United States District Court, W.D. Texas
Sep 16, 2003
EP-02-CA-188-DB (W.D. Tex. Sep. 16, 2003)

Opinion

EP-02-CA-188-DB

September 16, 2003


MEMORANDUM OPINION AND ORDER


On this day, the Court considered a "Motion to Dismiss or, in the Alternative, Motion for Summary Judgment" ("Motion to Dismiss" and "Motion for Summary Judgment"), filed by Respondent Director, Office of Workers' Compensation Programs, United States Department of Labor in the above-captioned cause on August 23, 2002. Petitioner Daniel A. Ramirez, proceeding pro se, filed a "Opposition to Motion to Dismiss" August 30, 2002. On June 27, June 30, and July 14, 2003, the Petitioner filed a "Supplemental Opposition to Respondent's Motion to Dismiss," "Second Supplemental Opposition" and "Third Supplemental Opposition," respectively. On July 17, 2003, Respondent filed a "Reply to Petitioner's Supplemental Responses to Motion to Dismiss or, in the Alternative, Motion for Summary Judgment." On August 30, 2003, Petitioner filed an "Opposition to Motion to Dismiss." After due consideration, the Court is of the opinion that the Motion to Dismiss should be denied, while the Motion for Summary Judgment should be granted for the reasons stated below.

BACKGROUND

Petitioner was employed by the United States Army from 1988 to 1990 as an industrial hygienist. In 1990, Petitioner was injured in the performance of his duties and, in 1992, was awarded workers' compensation benefits under the Federal Employee's Compensation Act ("FECA"), 5 U.S.C. § 8101 et seq, for total disability resulting from the 1990 injury. Respondent terminated Petitioner's compensation benefits due to Petitioner's refusal to submit to a medical examination pursuant to 5 U.S.C. § 8123(d).

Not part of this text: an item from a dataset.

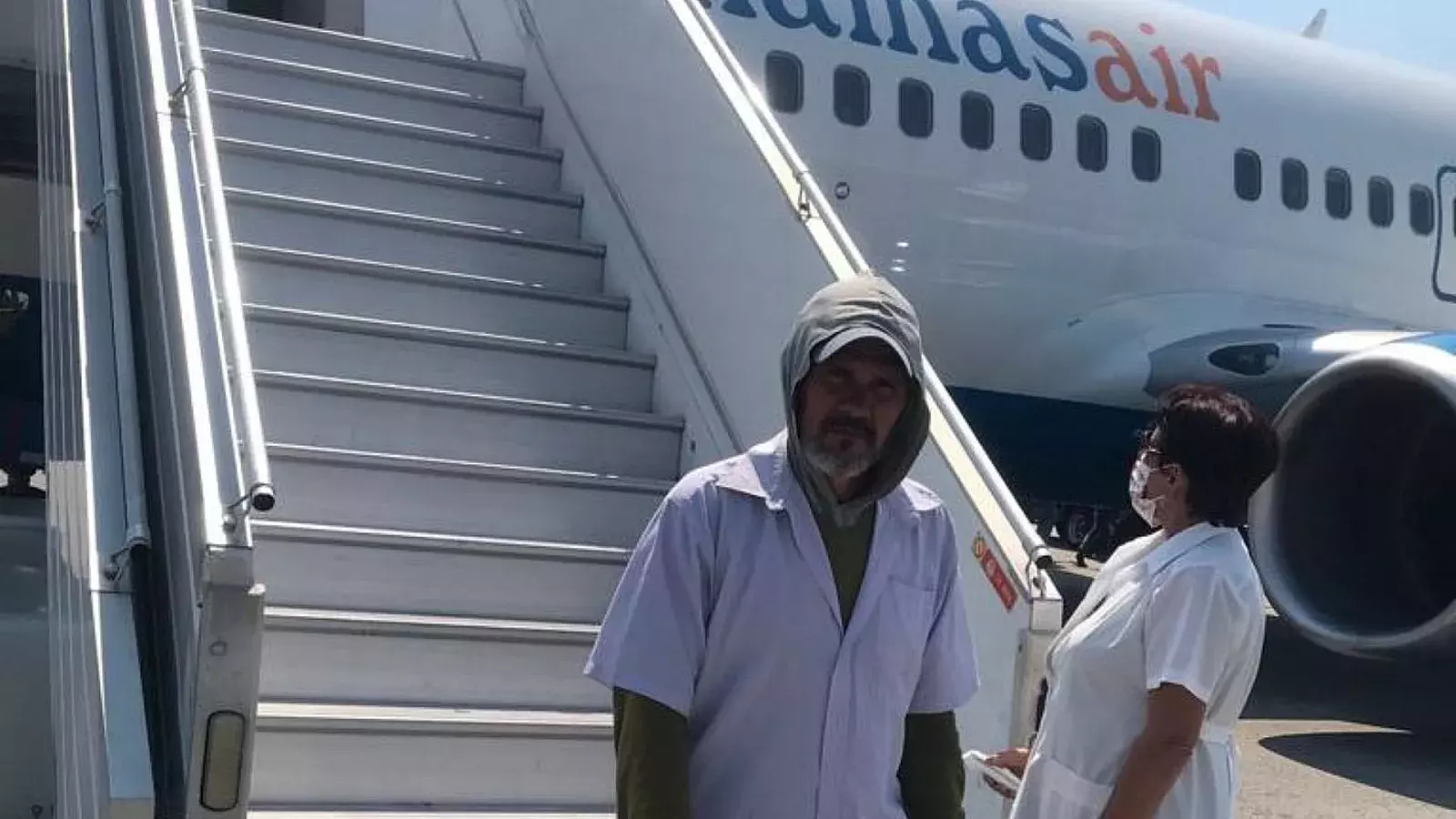 Cubanos deportados desde Bahamas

According to the record, on June 29, 1999, Petitioner was ordered to submit to medical examinations by physicians on July 12, and July 19, 1999, for the purpose of attaining second opinions regarding Petitioner's physical disabilities. One examination was to take place in Dallas, Texas and the other in El Paso, Texas, respectively. The letters to Petitioner concerning these exams notified Petitioner that his compensation could be suspended if he failed to attend these medical examinations and that he should notify Respondent if he was unable to attend either appointment. Plaintiff did not keep either of these appointments, nor did he notify Respondent that he would be unable to attend either appointment.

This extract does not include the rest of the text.